Anhang: Screenshots, der wichtigsten Diskussionsergebnisse

Die Abbildung zeigt Ergebnisse in drei Spalten, die virtuell mit Sticky-Notes zusamengetragen wurden.
Spalte 1: Das brauche ich, um es gut umsetzen zu können...
klare Verteilung der Verantwortlichkeiten, Zeit und Ressourcen, Qualifkation und Befähigung usw.
Spalte 2: Das wird in meiner Organisation nicht funktionieren, weil... 
zu wenig Zeit, 
zu viel zu tun, keine Zeit, Mentalität.  
Spalte 3: Änderungsvorschläge, Umformulierungen: 
Formulierungen sollten nachprüfbar und messbar sein, Klärung, wer wirklich eine Sache verantwortlich ist, Formulierungen wie "kindliche Naivität" passen kaum zum bestehenden "Verwaltungsdenken".
Abbildung 1: Diskussionsergebnisse unbearbeitet.
Die Abbildung zeigt ähnlich wie Abbildung 1 die Ergebnisse in drei Spalten, die virtuell mit Sticky-Notes zusamengetragen wurden.

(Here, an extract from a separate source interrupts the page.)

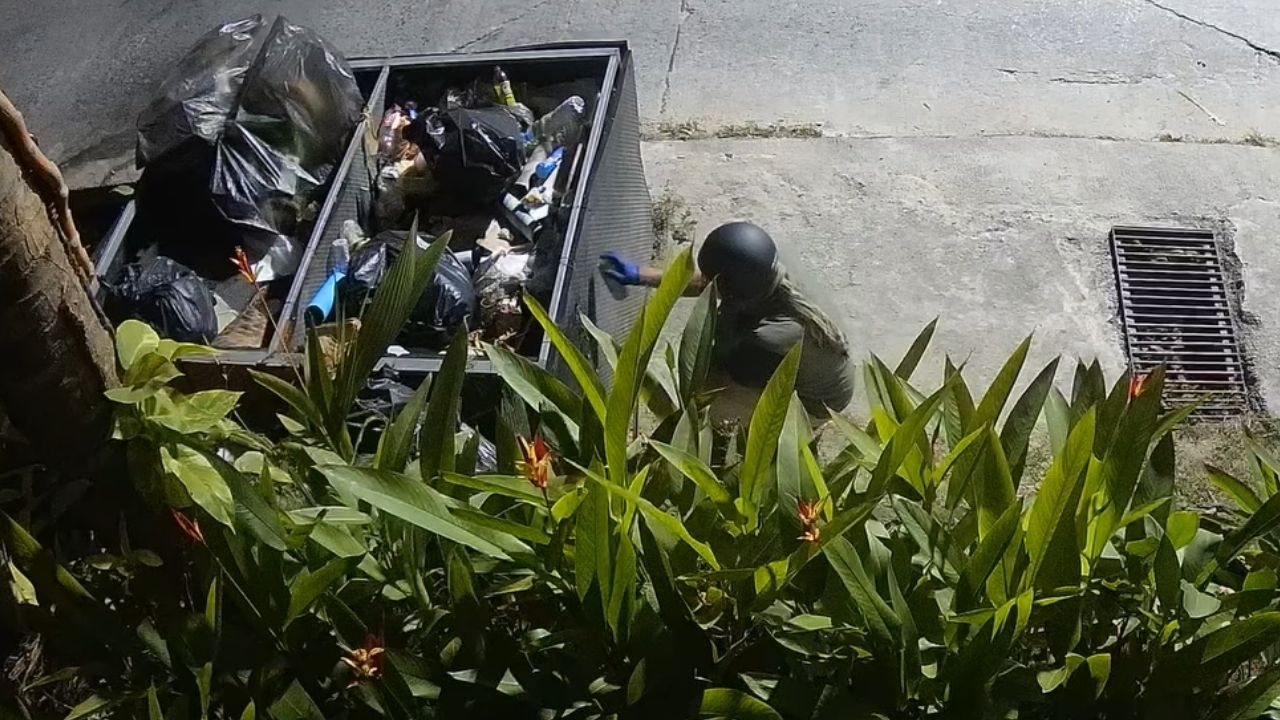 Mr Spray wanted for damaging Koh Pha Ngan with graffiti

Die Ergebnisse sind nun konsolidiert:
Spalte 1: Das brauche ich, um es gut umsetzen zu können...
Einheitliche Beschreibung, Koordination, Definitionen, Gestaltung; Bessere, Transparentere, Kürzere Kommunikationswege. 
Spalte 2: Das wird in meiner Organisation nicht funktionieren, weil... 
zu wenig Zeit, Ressourcen der Beschäftigten.
Spalte 3: Änderungsvorschläge:
Erweiterung des Feedbacks durch datenbasierte Quellen.
Abbildung 2: Diskussionsergebnisse konsolidiert.